*Work required*
Below are records; from the line containing "GOWOOD - Caricabatterie" through the very last line, output each line exactly. No pictures.

Caption-style text data
★ ★ ★ ★

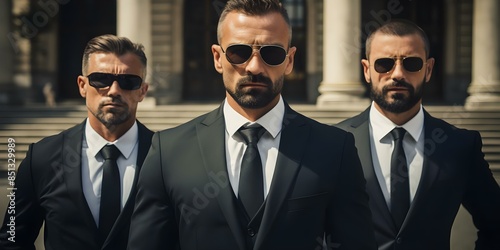 Three serious professional bodyguards in suits and sunglasses. Concept Security Personnel, Professional Attire, Serious Demeanor photo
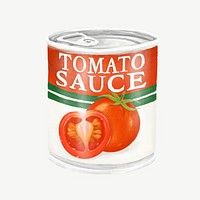 Canned tomato sauce, food illustration psd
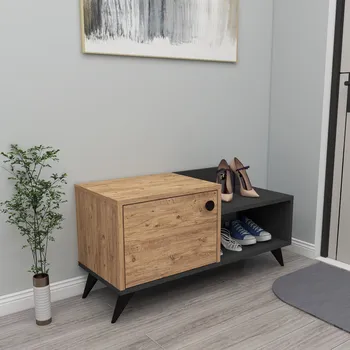 Botník Slevadoma Botník s policí JEREL borovice Atlantic / antracit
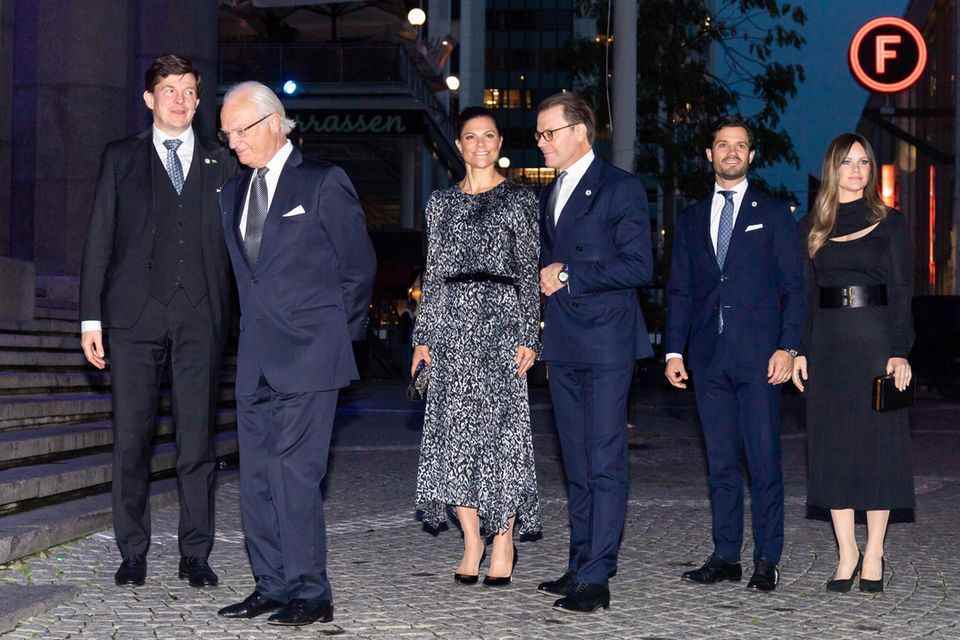 Parliament President Andreas Norlén, King Carl Gustaf, Princess Victoria, Prince Daniel, Prince Carl Philip and Princess Sofia at the concert to mark the opening of Parliament 2022 in the Stockholm Concert Hall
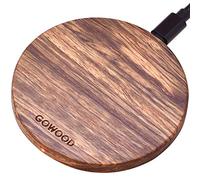 GOWOOD - Caricabatterie wireless veloce in legno di zebra da 15 W - Caricabatterie wireless veloce con cavo di ricarica resistente e robusto da 2 m - Caricabatterie wireless USB-C con LED integrato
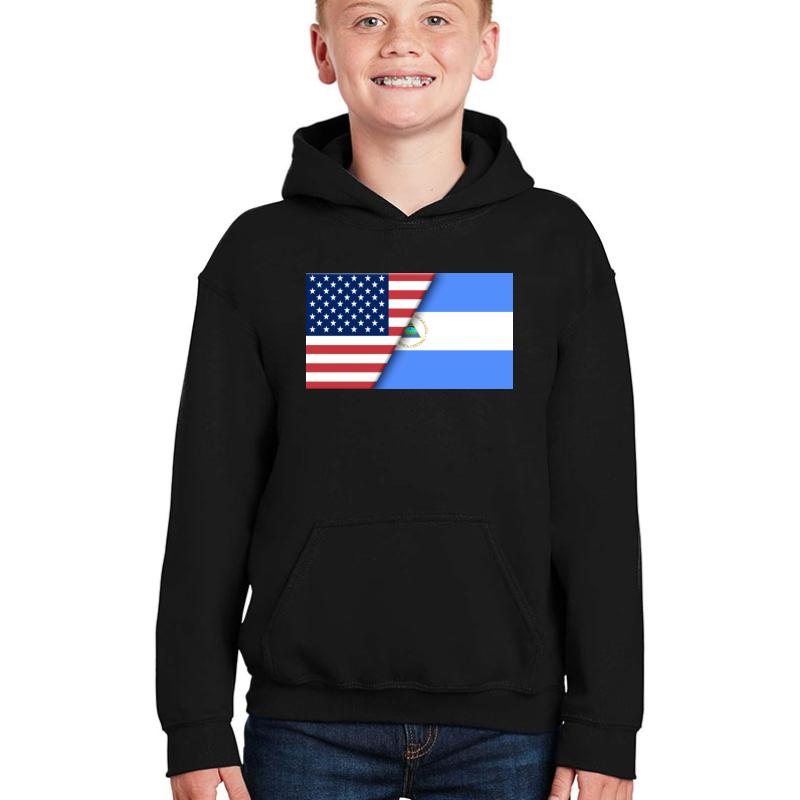 Usa Flag Nicaragua Nicaraguan Flag Immigrant Ancestry Homeland Pride Youth Hooded Sweatshirt Boy Black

★ ★ ★ ★

*Solved problem*
 GOWOOD - Caricabatterie wireless veloce in legno di zebra da 15 W - Caricabatterie wireless veloce con cavo di ricarica resistente e robusto da 2 m - Caricabatterie wireless USB-C con LED integrato
 Usa Flag Nicaragua Nicaraguan Flag Immigrant Ancestry Homeland Pride Youth Hooded Sweatshirt Boy Black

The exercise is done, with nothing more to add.